EDF Energy has an R&D centre in the UK with around 50 researchers in situ. The centre is an integral part of the EDF Group R&D network and works across the whole value chain of electricity; successfully leading on millions of pounds worth of international projects. It is a centre of expertise for the group benefiting from the UK's strong experience in a number of topics including Offshore Wind, Intermittency or Smart Grids and works across all EDF Energy specialisms including Nuclear, CCS, Energy Efficiency, Smart Meters, Electric Vehicles, and Digital Futures.
The R&D Centre works in partnership with a number of universities across the UK to sponsor post-graduate research projects. Information will be provided here on EDF Energy sponsored research opportunities when they arise.
The CDT does not specify the degree subject, but for our research topic a degree in Mechanical Engineering or Physics would be appropriate at 2:1 level or above.
Using BIM, sensors and phone data to improve prediction of a building’s energy consumption
This project, run in collaboration with EDF Energy, aims to use fine-grained data on activity and sensors in a building— along with basic Building Information Modelling (BIM) data — to better predict energy consumption (and consumption needs), in a visualisation platform for building data.
A phone app would let people voluntarily share their activity (e.g. location/movement) when in the building, initially via the Bluetooth beacons installed in the Library by Chalmers’ group, and sensor packs (that record temperature/noise/light/CO2 levels) from the FRuIT project (PIs: Perkins and Singer, SOCS). Susan Ashworth, University Librarian is already supporting exploratory app work. Later, we aim to apply the project’s methods to the Learning and Teaching Hub. We note that Ashworth is on the project board for the L&T Hub, and that Frank Coton has expressed a desire to apply the findings from this kind of project to it.
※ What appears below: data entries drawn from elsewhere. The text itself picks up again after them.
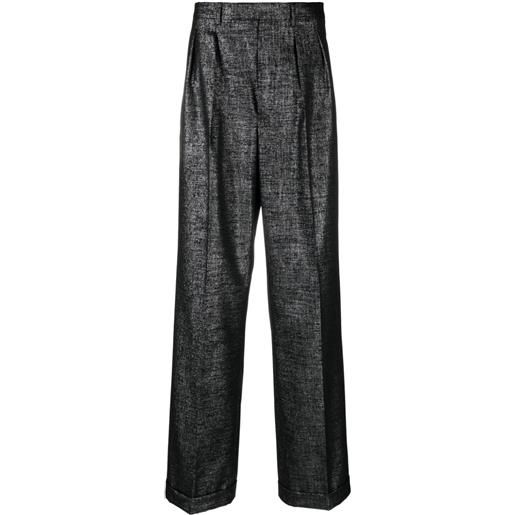 DRIES VAN NOTEN pantaloni con effetto glitter - nero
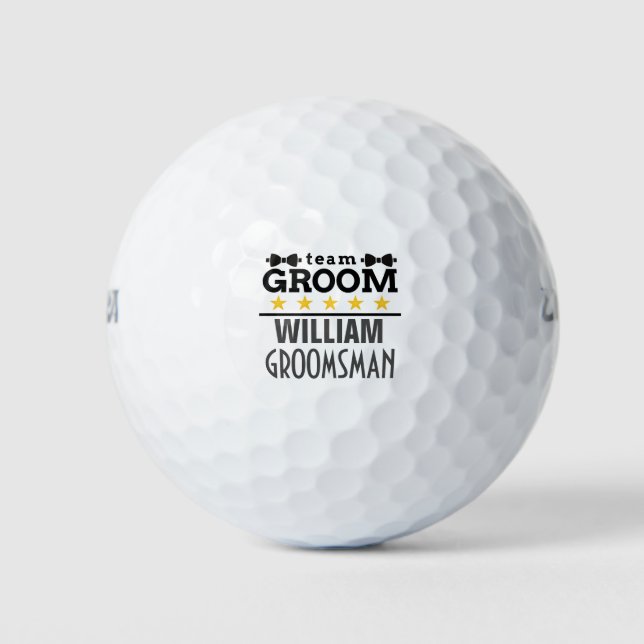 Team Groom | Groomsman | Bachelor | Black White Golf Balls (Front)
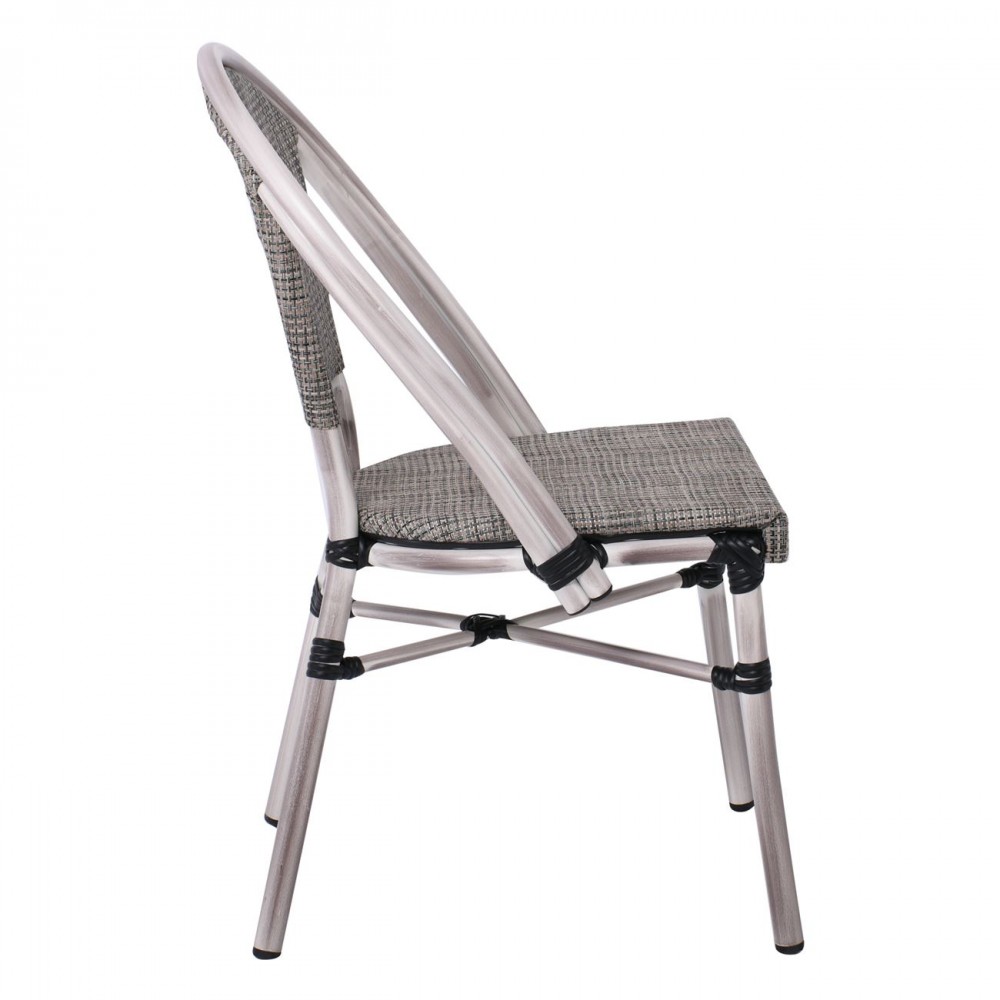 Costa Καρέκλα Dining Αλουμινίο Antique Grey/textilene Μπεζ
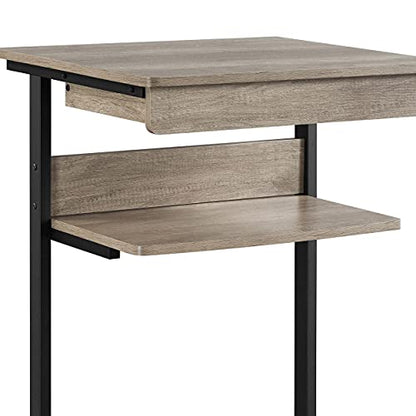 Yaheetech Rolling Computer Desk with Drawer & Keyboard Tray, Mobile Laptop Desk Cart Standing Computer Workstation for Home Office, Gray - color: Grey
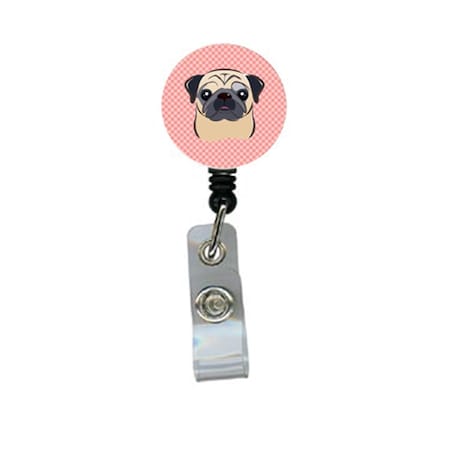 Teacher&Aposs Aid Checkerboard Pink Fawn Pug Retractable Badge Reel TE2925546
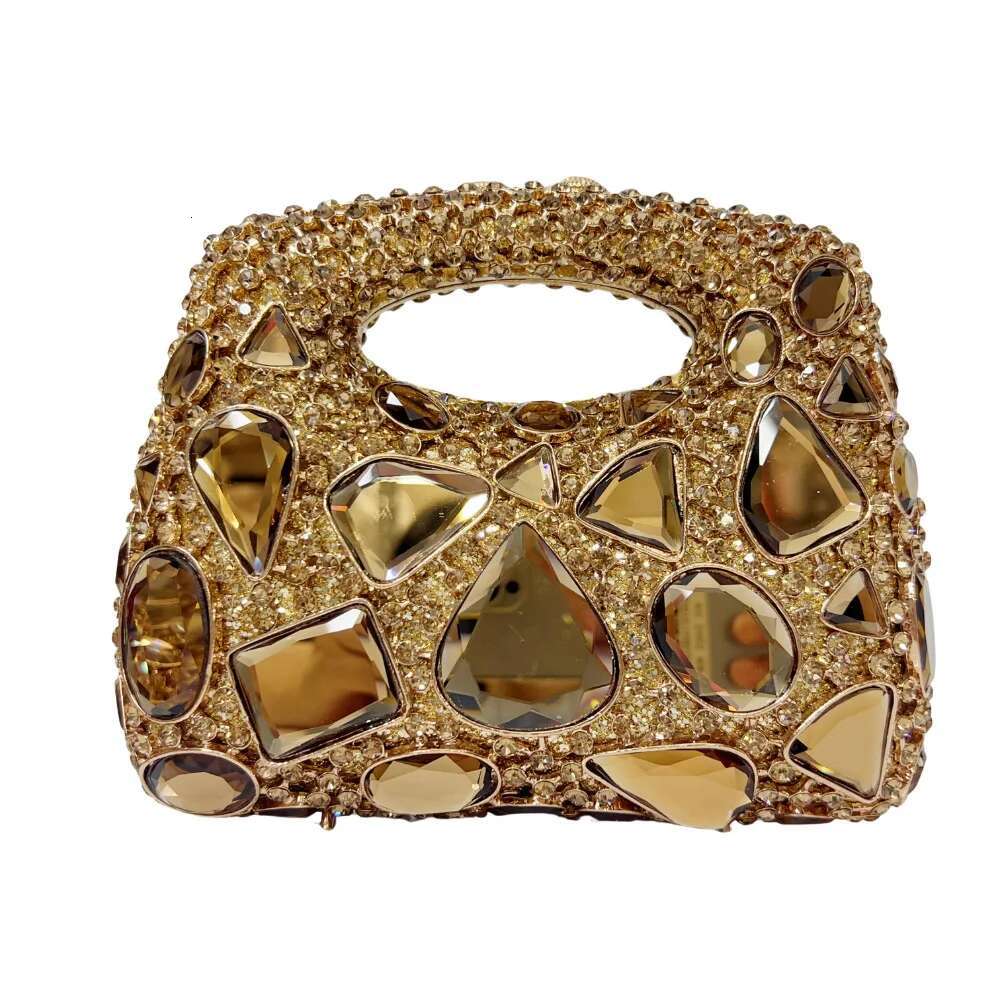 Women Gold Crystal Clutch Purse Gems Evening Party Dinner Dia Shoulder Bags tail Rhinestone Handbags and Purses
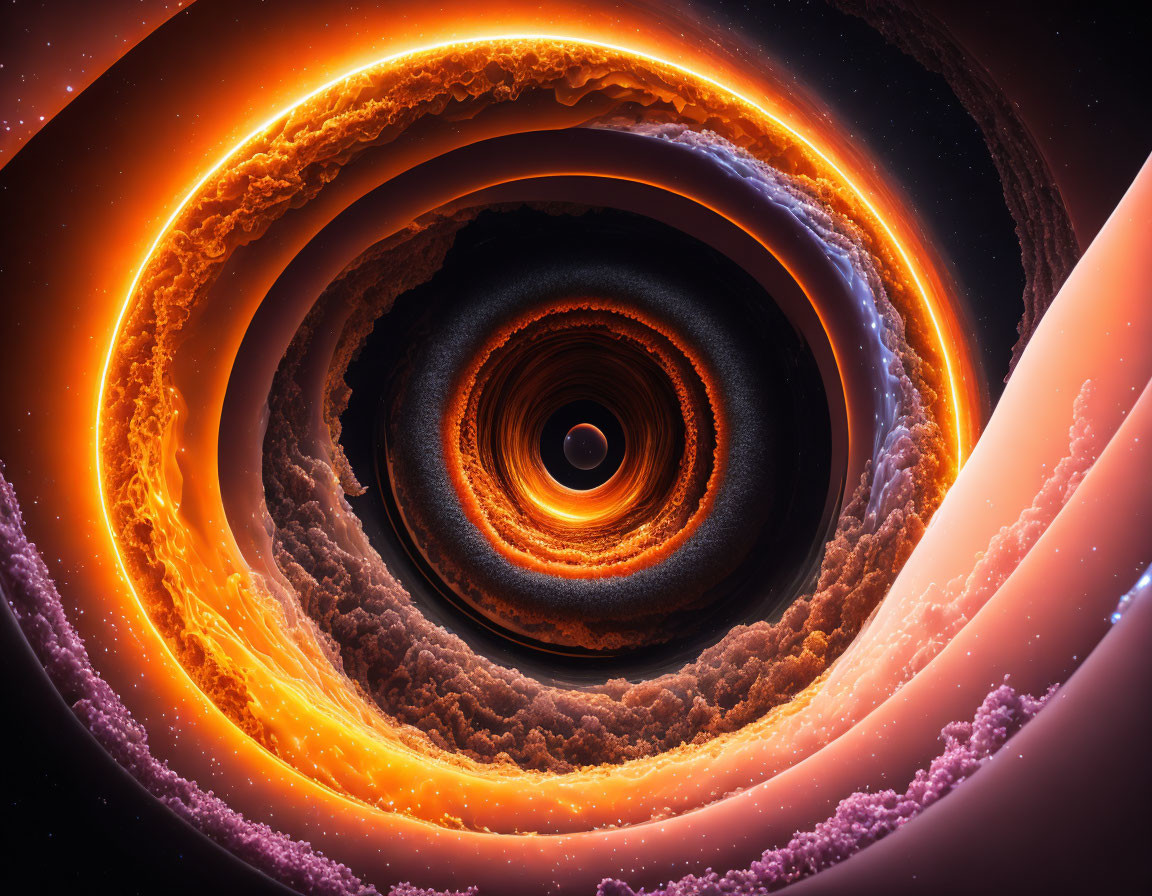 Illustration: Black Hole with Fiery Orange and Deep Purple Rings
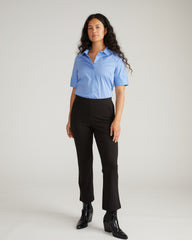 Amaya Ponte Kick Flare Pants - Slate Pinstripe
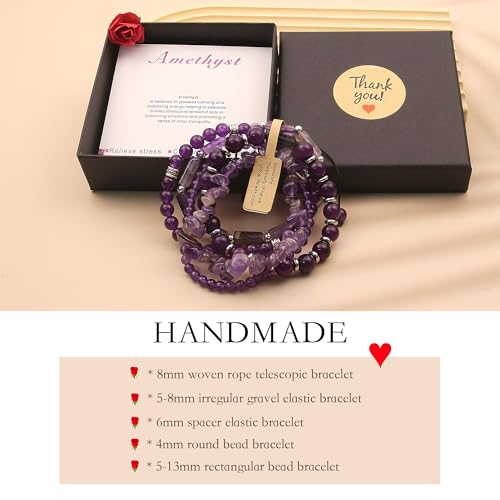 5Pcs Healing Crystal Bracelet for Women Men, Handmade Adjustable Gemstone Bracelets Beaded Reiki Energ Bracelet Set Jewelry Gifts for Women Men - color: Amethyst
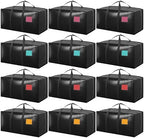 12 Pack Moving Bags with Full-Open Side Zipper, Extra Large 93L Heavy Duty by RMOHRO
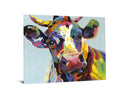 Abstract Cow Tempered Glass w / Foil Wall Art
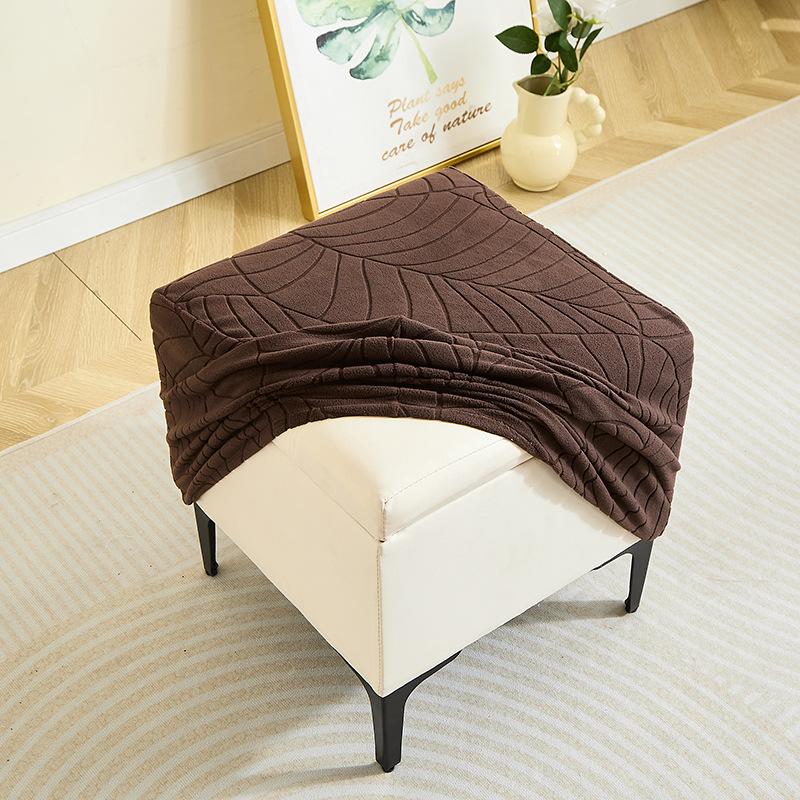 

Чехол для подставки для ног для дома, отеля, жаккардовый с листьями, для дивана, квадратный, чехол для табурета для хранения, пылезащитный чехол, новый стиль 38*33*33 cm кофейный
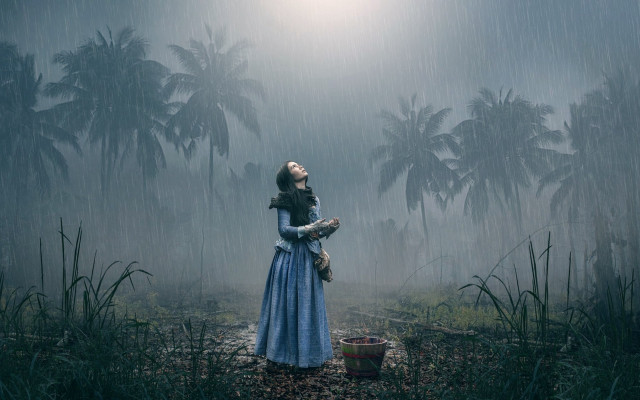 Woman blue dress rain flower free wallpaper for desktop - medium preview image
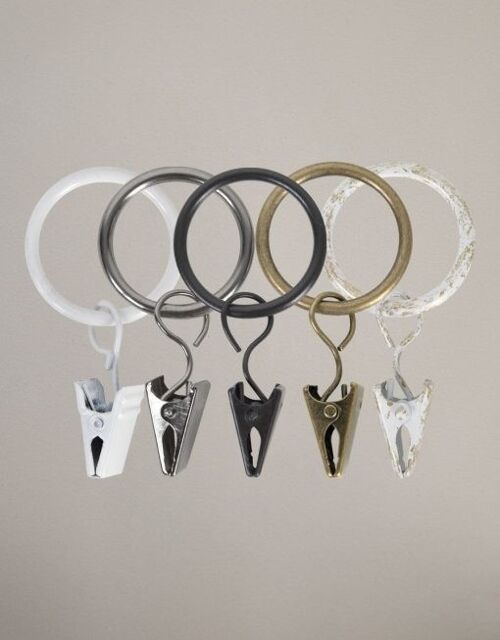 Curtain Ring with Clip, 10 pcs, 16/19 mm - Steel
This PhD would not develop new types of analytics per se (e.g. new forms of statistical model), but improving energy prediction by going beyond the simple linear methods (e.g. regression models) generally used in this context, to non-linear models, by selectively extending the set of features used for analysis. By making the collection of such data economical, we aim to make it more likely that the gains in optimising energy use would more easily outweigh the costs in collecting and analysing the data.
The student would most likely have a Computer Science background, being able to do app development, handle straightforward sensor setups, and to analyse data using contemporary toolkits such as Jupyter Workbench and IBM BlueMix/Watson — bringing to bear the many tools for predictive modelling in these tools and on the web. The co-supervision role of Fiona Bradley in Engineering would be vital, as we ensure that the modelling conforms to the needs and aims of civil engineers. We would also reach out to Estates, for advice and collaboration—as, ultimately, we aim to develop methods to be used by them to reduce and optimise the energy consumption of the Library and other university buildings.